It’s hard to know where to start with all that it wrong with the Public Service Commission’s toadying decision to allow Wisconsin Power and Light give corporations a discount on their electricity rates.
Two of the commission’s three members voted to approve the plan, which is likely to result in higher utility rates for residential users. In its decision, the majority accepted flimsy evidence and indulged in some seriously flawed logic to give WPL and some of its industrial customers what they wanted. More on that in future postings.
Today’s topic is the way the commission slammed the door on full public participation in the rate-setting process. The Citizens Utility Board and Clean Wisconsin, groups that wanted to fully participate in the decision-making, were not allowed to do so. (Full disclosure – I’m on the board of CUB, which fights for reliable and affordable electricity and telephone service on behalf of Wisconsin customers. This post, though, was not vetted or approved by CUB and I’m not representing the organization here.)
There are a lot of big deals about this case. It’s a huge precedent – if corporations get rate breaks in WP&L’s service territory, you can bet your light fixtures they will be looking for them in other areas of the state as well. It’s also a big precedent procedurally – if the PSC gets away with its inadequate handling of this case, then it will be easily able to limit public participation in other cases that come before it. That would be a very, very bad thing.
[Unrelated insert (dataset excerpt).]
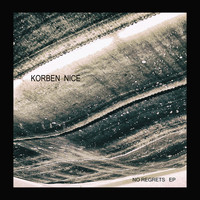 Korben Nice - No Regrets EP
The PSC did allow the groups to submit comments, but they were denied other powers that participation in a “contested case” would have allowed: legal discovery to determine the actual need for corporate utility rate breaks in the WPL service territory; development of expert testimony to identify concerns with the proposal, including potential harm to residential customers; and presentation of legal arguments.
The commission’s reasoning in limiting participation by CUB and Clean Wisconsin was ludicrous. From its final decision in the case:
Because the Commission has not yet officially voted to issue a notice for this matter, the Commission’s current review of WP&L’s proposed EDR (economic development rate) is neither a proceeding nor a docket….. the rules for intervention…do not apply until the Commission votes to open a docket.
Got that? The folks representing residential ratepayers don’t get to participate fully because the commission didn’t vote to open a docket, even though, by the way, the commission’s staff assigned a docket number. The commission also said that WP&L was simply requesting a rate decrease and that the commission traditionally has not opened a docket when a rate decrease is requested. That contention is bogus, though. WP&L was proposing an entirely new rate structure that only would reduce rates for some customers. That some, by the way, did not include residential ratepayers. You know, the people who have been out of work lately.
While those folks were muzzled during the proceedings, WPL was allowed to present its case fully, in several filings with the commission. And — surprise! — after giving full consideration to one side in the case, the commission issued a written final decision giving WPL what it wanted. Yet the commission contended in that decision:
In the case at hand, WP&L did not request the Commission open a docket when it filed its EDR proposal, and the Commission is handling this matter informally. As a result, the requests that CUB and Clean Wisconsin filed do not meet the standards for intervention….”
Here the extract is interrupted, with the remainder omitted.